**Exercise requirements**
Please repeat, exactly as written, every line from the one containing "this 720×480 image." through the last line of the records, both included, and leave out any pictures.

[Stored data]
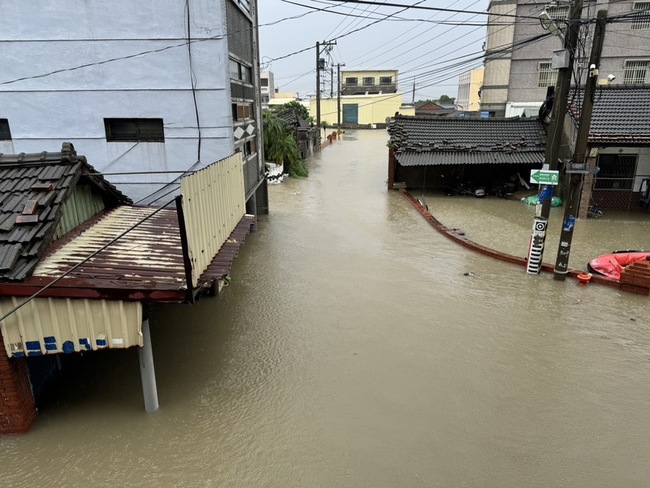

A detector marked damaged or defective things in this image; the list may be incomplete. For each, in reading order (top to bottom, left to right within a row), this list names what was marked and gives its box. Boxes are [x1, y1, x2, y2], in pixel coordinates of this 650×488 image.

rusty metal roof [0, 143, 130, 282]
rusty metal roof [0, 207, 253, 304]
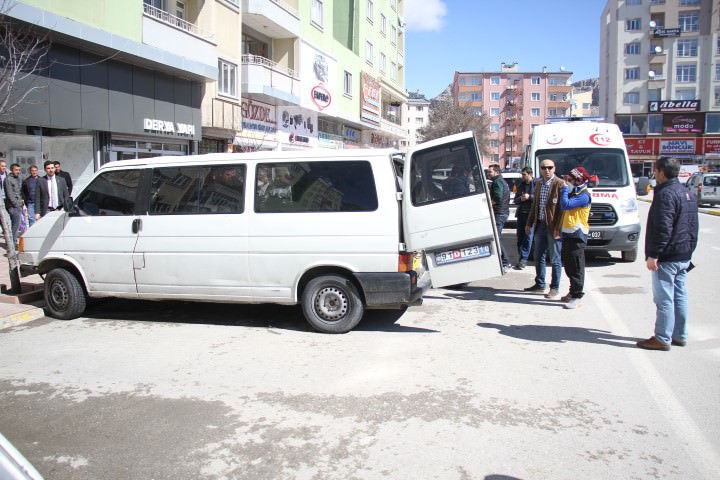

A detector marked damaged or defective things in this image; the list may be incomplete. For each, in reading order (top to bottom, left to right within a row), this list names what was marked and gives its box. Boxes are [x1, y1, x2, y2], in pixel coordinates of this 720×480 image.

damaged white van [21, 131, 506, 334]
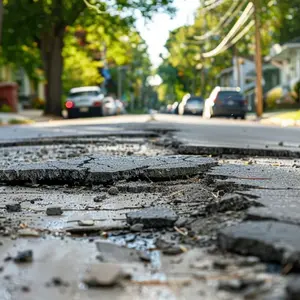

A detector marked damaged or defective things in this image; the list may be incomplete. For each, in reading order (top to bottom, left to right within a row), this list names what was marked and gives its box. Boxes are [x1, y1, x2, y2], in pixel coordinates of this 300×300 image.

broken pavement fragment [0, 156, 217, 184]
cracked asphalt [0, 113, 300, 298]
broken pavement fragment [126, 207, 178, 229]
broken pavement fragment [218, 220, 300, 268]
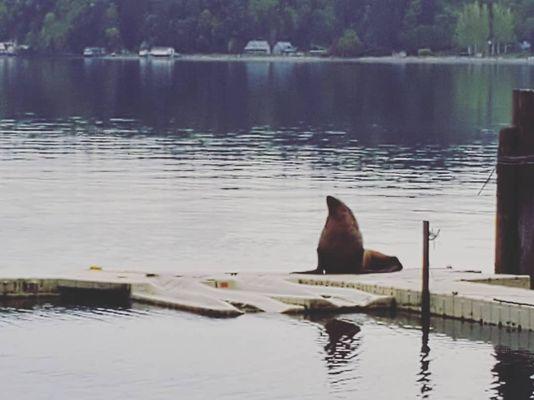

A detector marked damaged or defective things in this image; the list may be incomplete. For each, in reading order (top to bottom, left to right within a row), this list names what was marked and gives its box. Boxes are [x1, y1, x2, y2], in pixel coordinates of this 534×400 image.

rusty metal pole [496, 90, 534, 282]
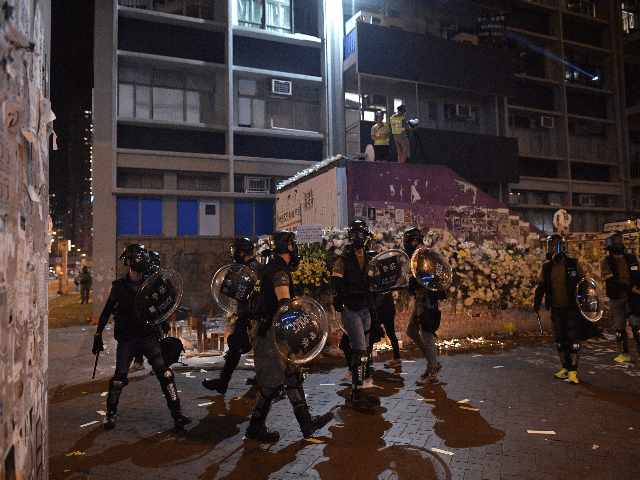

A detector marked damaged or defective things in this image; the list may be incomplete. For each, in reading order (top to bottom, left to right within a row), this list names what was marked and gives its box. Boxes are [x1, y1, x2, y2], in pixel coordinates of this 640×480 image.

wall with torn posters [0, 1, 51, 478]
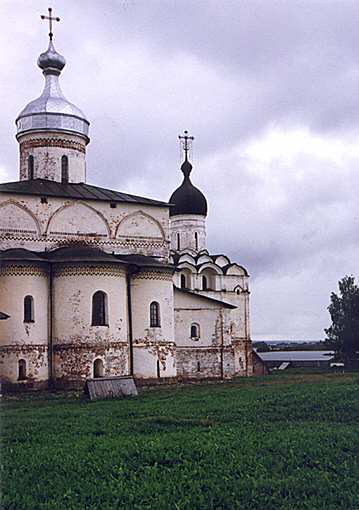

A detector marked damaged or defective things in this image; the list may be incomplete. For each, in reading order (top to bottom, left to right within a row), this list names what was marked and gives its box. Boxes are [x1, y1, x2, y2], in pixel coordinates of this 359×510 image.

**Response below**
A detector marked damaged or defective things in this image; the list may be incomplete. For each, in reading order (top to bottom, left to right within a row), this list names what was marked and gives its box. Boxes are [x1, y1, x2, y2], in pixel coordinates of this 720×480 image.

damaged white van [21, 131, 506, 334]

A detector marked damaged or defective things in this image; the list may be incomplete. For each, in reading order (top to bottom, left to right within a row), this list names what was marked and gives its box. Boxes are [x1, y1, x2, y2], in pixel coordinates of this 300×300 image.

broken pavement fragment [0, 156, 217, 184]
cracked asphalt [0, 113, 300, 298]
broken pavement fragment [126, 207, 178, 229]
broken pavement fragment [218, 220, 300, 268]

A detector marked damaged or defective things in this image; the list may be incomplete. For each, in reading order (top to bottom, left to right within a row), this list names what was marked and gives its box. Boxes are [x1, y1, x2, y2], in pixel coordinates of this 534×400 image.

rusty metal pole [496, 90, 534, 282]

A detector marked damaged or defective things in this image; the list may be incomplete. For each, in reading order (top to bottom, left to right within a row), this list names what was marked and gives its box. Boxes are [x1, y1, x2, y2], in pixel coordinates of this 640×480 image.

wall with torn posters [0, 1, 51, 478]

A detector marked damaged or defective things in this image; the list may be incomplete. For each, in reading order (top to bottom, left to right within a row), this list names what was marked and gives its box. Boxes are [x1, y1, x2, y2], in pixel coordinates of this 359×510 image.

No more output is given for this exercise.